In openCL you can specify the amount of local memory you want to allocate in a kernel from host code by specifing the amount of memory to allocate in a parameter for local memory with the command

clSetKernelArg(myKernel, 3, localHeight * localWidth * sizeof(float), NULL);

where the kernel looks like

__kernel void matrixMul_gpu(
	__global float* A, __global float* B, __global float* C,
	__local float * As, __local float * Bs,
	unsigned int HeightA, unsigned int WidthB, unsigned int WidthAHeightB
	)

This works well if I want to create 1D arrays in local memory, but what if I want to make As and Bs 2D arrays where their sizes are dynamically specified from the host code?

You can either declare the local variable in kernel scope instead of as a kernel argument or you will have to manually index into the array as if it was 2D. This is not any different from how C99 works, is it?

Those are two work arounds that I have used.

Declaring a local memory array within the scope of the kernel is one way to make a 2D array. But the allocation size then becomes static. I couldn’t write code that dynamically sizes the array based on how much local memory is available on the devices compute units. Doing this would be useful if writing code for both nVidia’s G80 and Fermi architectures.
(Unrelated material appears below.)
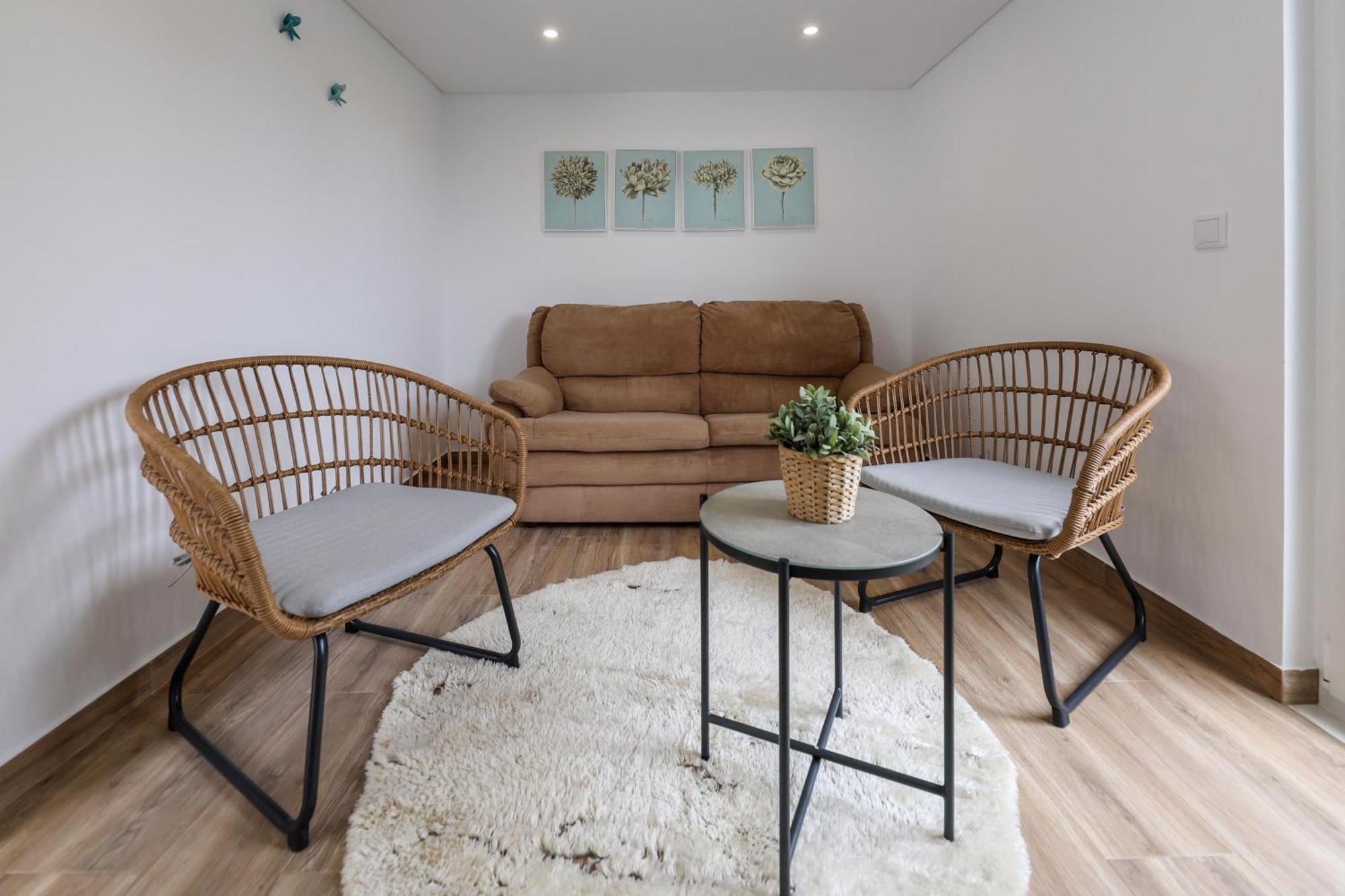 Casas Com Amoras In Serra Da Pescaria Famalicão Extérieur photo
G80 only has a local memory cache of 16 kb whereas Fermi has a cache of 48 kb. If you’re doing matrix dot product operations, it is ideal to have a block size as large as possible, on G80 the max would be 16x16, but on fermi it would be 32x32. If I create the array with in the scope of the kernel, I would have to write two kernels, one for a local mem size of 16x16 and the other for a local mem size of 32x32. Then I’m not even taking into account AMD cards or other architectures.

If I try to manually index into the code, it would be more dynamic, I could specify local memory array sizes outside the kernel so I would only have to write one kernel. Unfortunetly I would have to manually index the array with something like

As[i * MatrixWidth + j]

instead of

As[i][j]

This would work, but it takes a few more instructions, which can add up in iterations, it can get confusing, and it makes for much less elagant code.

I’m trying to get the best of both worlds, having dynamic code and having elagant code. Is dynamically allocating 2D arrays from the kernel call impossible in OpenCL 1.0? Or is there some way to do it?

I couldn’t write code that dynamically sizes the array based on how much local memory is available on the devices compute units.

You can change the size dynamically. All you have to do is change the variable declaration in the source code before you call clCreateProgramWithSource().

This would work, but it takes a few more instructions

Why would it take more instructions? A[j][i] is identical to A[j*width+i]. As for elegance, readability, etc. you can use a macro if you want.

Sorry, wrong button.

Is dynamically allocating 2D arrays from the kernel call impossible in OpenCL 1.0?

It’s not possible. See section 6.8: “Arguments to __kernel functions in a program cannot be declared as a pointer to a pointer(s).”